From the listing that follows, output everything exactly except the pictures.

*** Available data

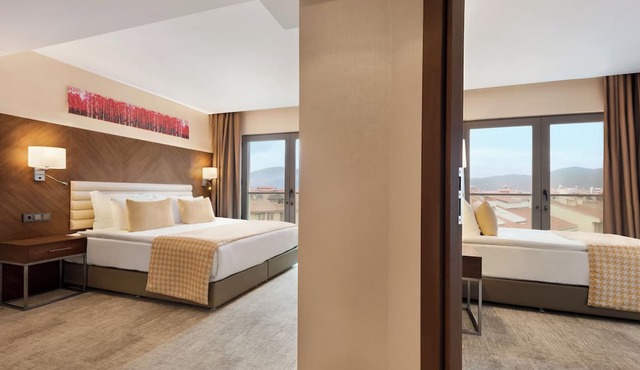 Ramada by Wyndham Isparta in Isparta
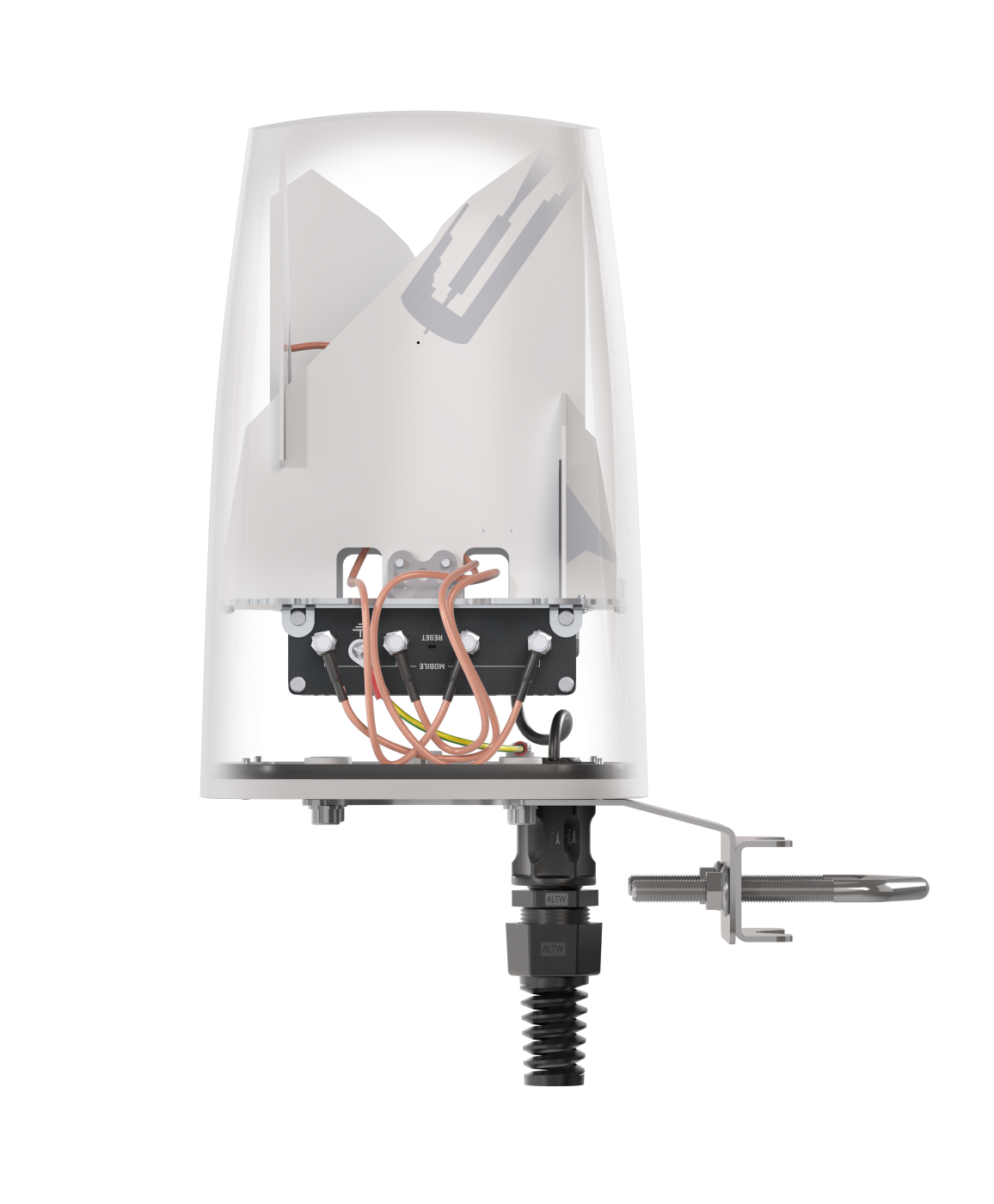 QuSpot for Teltonika TRB501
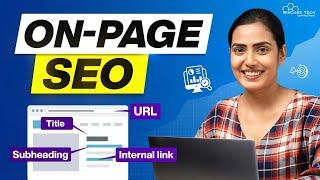 How To Do ON-PAGE SEO in 2025 with Practical [All Checklist] - Beginners Guide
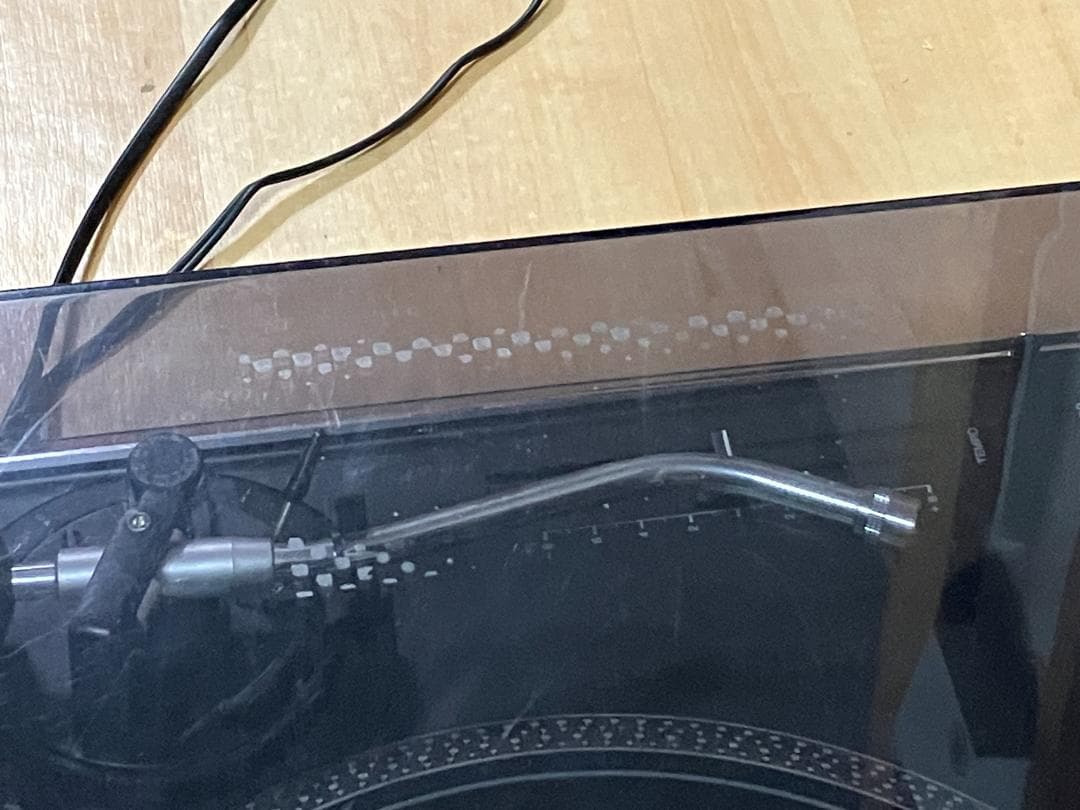 Pioneer DJ ターンテーブル PLX-500 2台セット 【中古】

******

- [Answer]:
 Ramada by Wyndham Isparta in Isparta
 QuSpot for Teltonika TRB501
 How To Do ON-PAGE SEO in 2025 with Practical [All Checklist] - Beginners Guide
 Pioneer DJ ターンテーブル PLX-500 2台セット 【中古】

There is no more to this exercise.